— Instructions for the task —
Would you retype exactly the lines below, starting with the one that has "Teks di salah" and going on through the one that has "10.05.2026 - 8.", with no pictures and nothing else?

— Material to process —

==*==

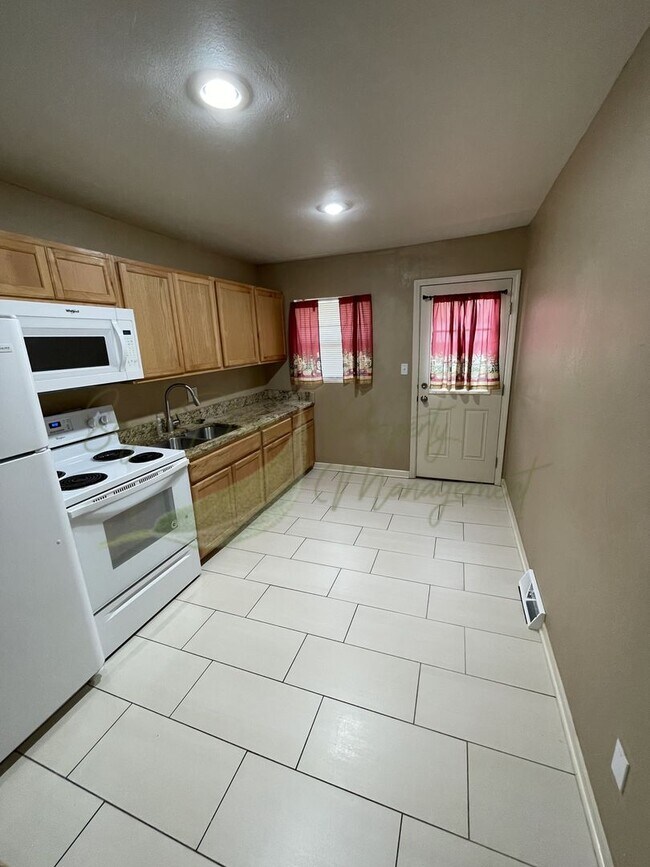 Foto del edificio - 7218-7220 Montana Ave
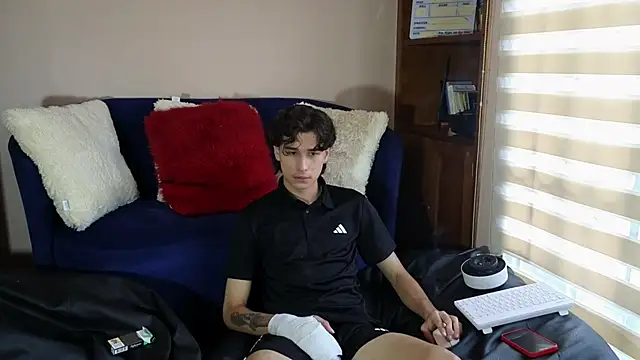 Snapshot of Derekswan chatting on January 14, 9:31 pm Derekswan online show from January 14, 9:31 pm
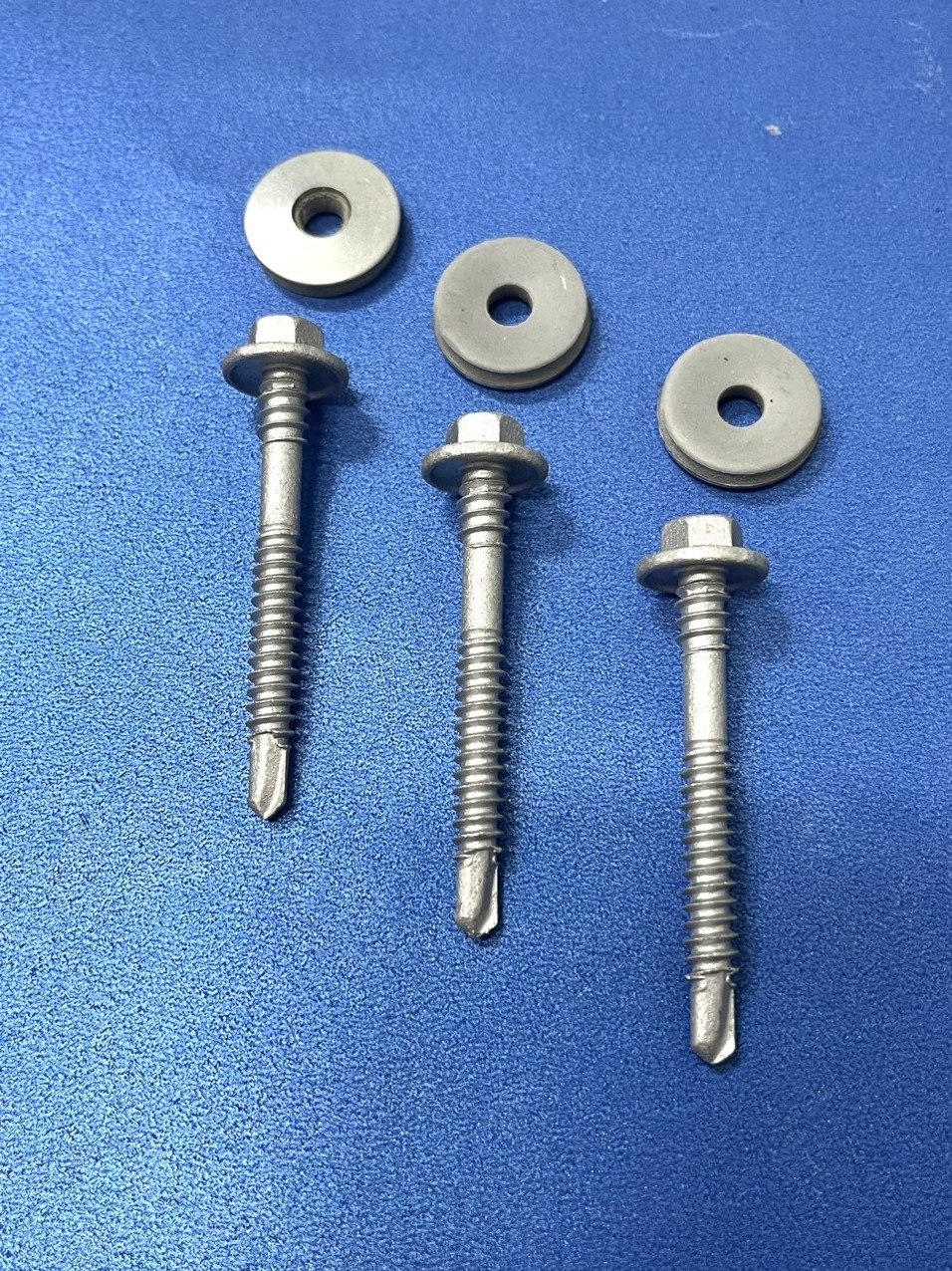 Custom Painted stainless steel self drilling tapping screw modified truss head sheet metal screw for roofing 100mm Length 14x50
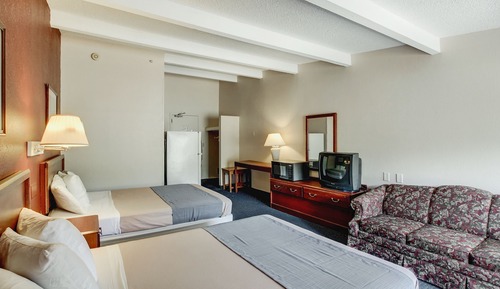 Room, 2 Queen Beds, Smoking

==*==

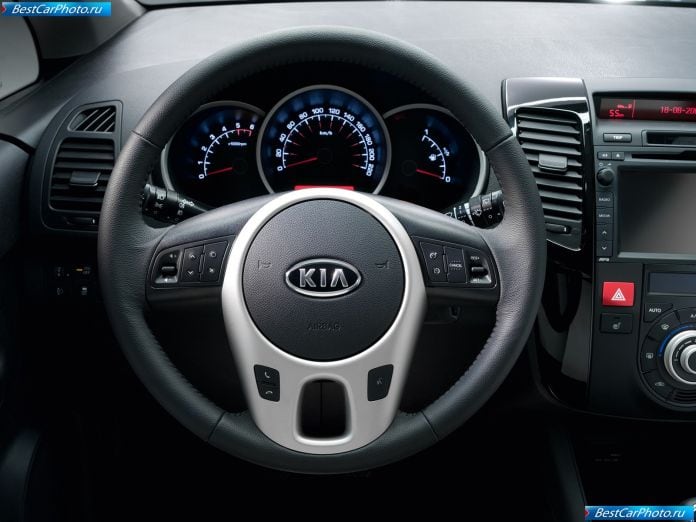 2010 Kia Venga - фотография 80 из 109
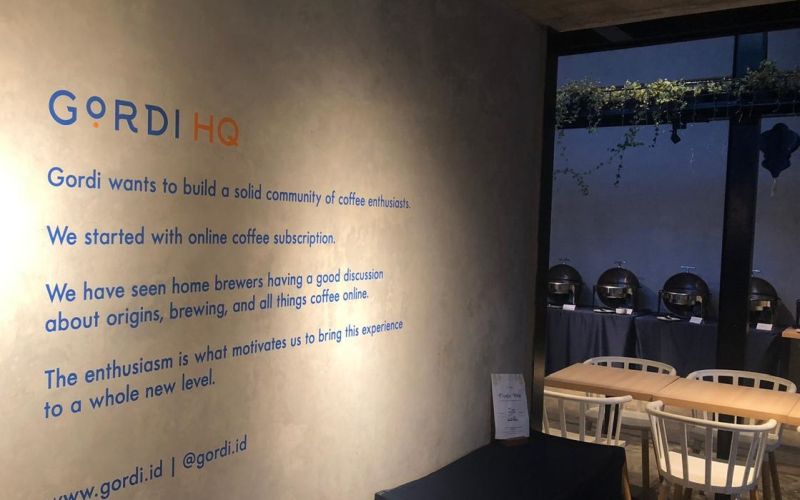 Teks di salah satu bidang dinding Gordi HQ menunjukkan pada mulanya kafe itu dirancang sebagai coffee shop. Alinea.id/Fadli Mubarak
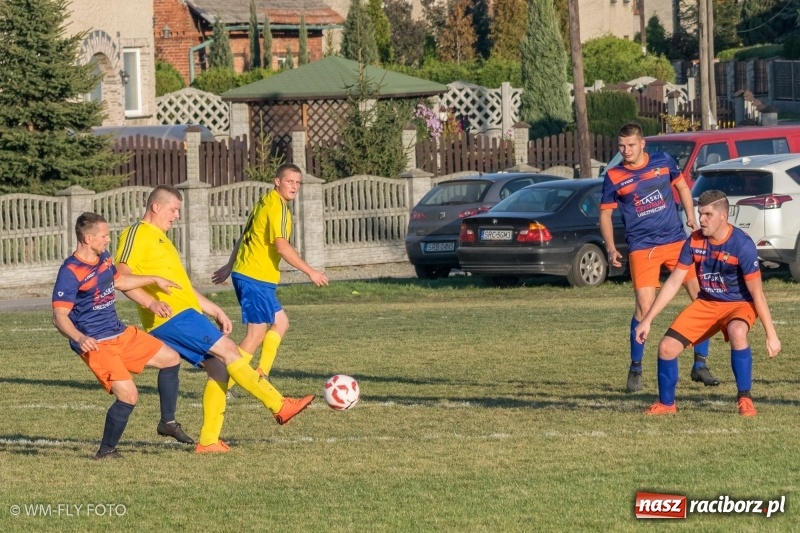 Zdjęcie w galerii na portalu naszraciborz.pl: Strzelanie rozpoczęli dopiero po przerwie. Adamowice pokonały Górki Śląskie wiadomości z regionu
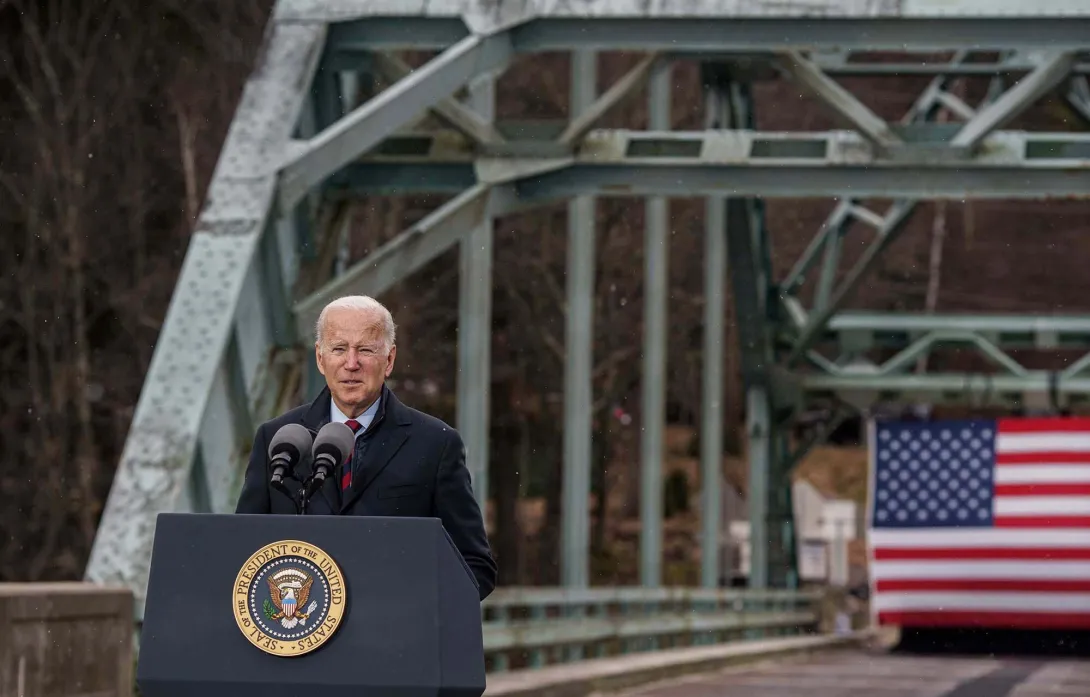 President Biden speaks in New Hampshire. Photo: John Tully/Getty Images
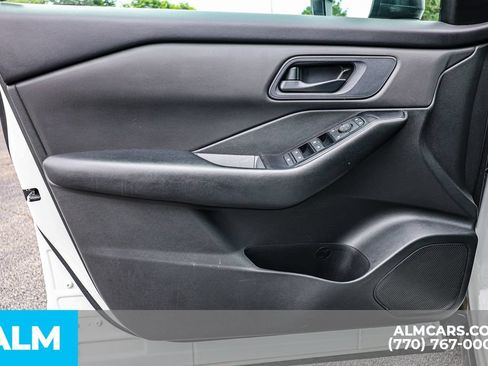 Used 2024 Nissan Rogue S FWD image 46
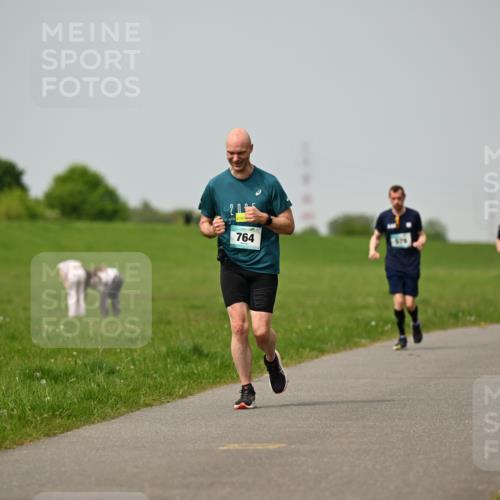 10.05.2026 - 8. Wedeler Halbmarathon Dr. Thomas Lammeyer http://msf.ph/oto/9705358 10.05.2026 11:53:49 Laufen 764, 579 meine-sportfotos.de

==*==

— Final answer —
 Teks di salah satu bidang dinding Gordi HQ menunjukkan pada mulanya kafe itu dirancang sebagai coffee shop. Alinea.id/Fadli Mubarak
 Zdjęcie w galerii na portalu naszraciborz.pl: Strzelanie rozpoczęli dopiero po przerwie. Adamowice pokonały Górki Śląskie wiadomości z regionu
 President Biden speaks in New Hampshire. Photo: John Tully/Getty Images
 Used 2024 Nissan Rogue S FWD image 46
 10.05.2026 - 8. Wedeler Halbmarathon Dr. Thomas Lammeyer http://msf.ph/oto/9705358 10.05.2026 11:53:49 Laufen 764, 579 meine-sportfotos.de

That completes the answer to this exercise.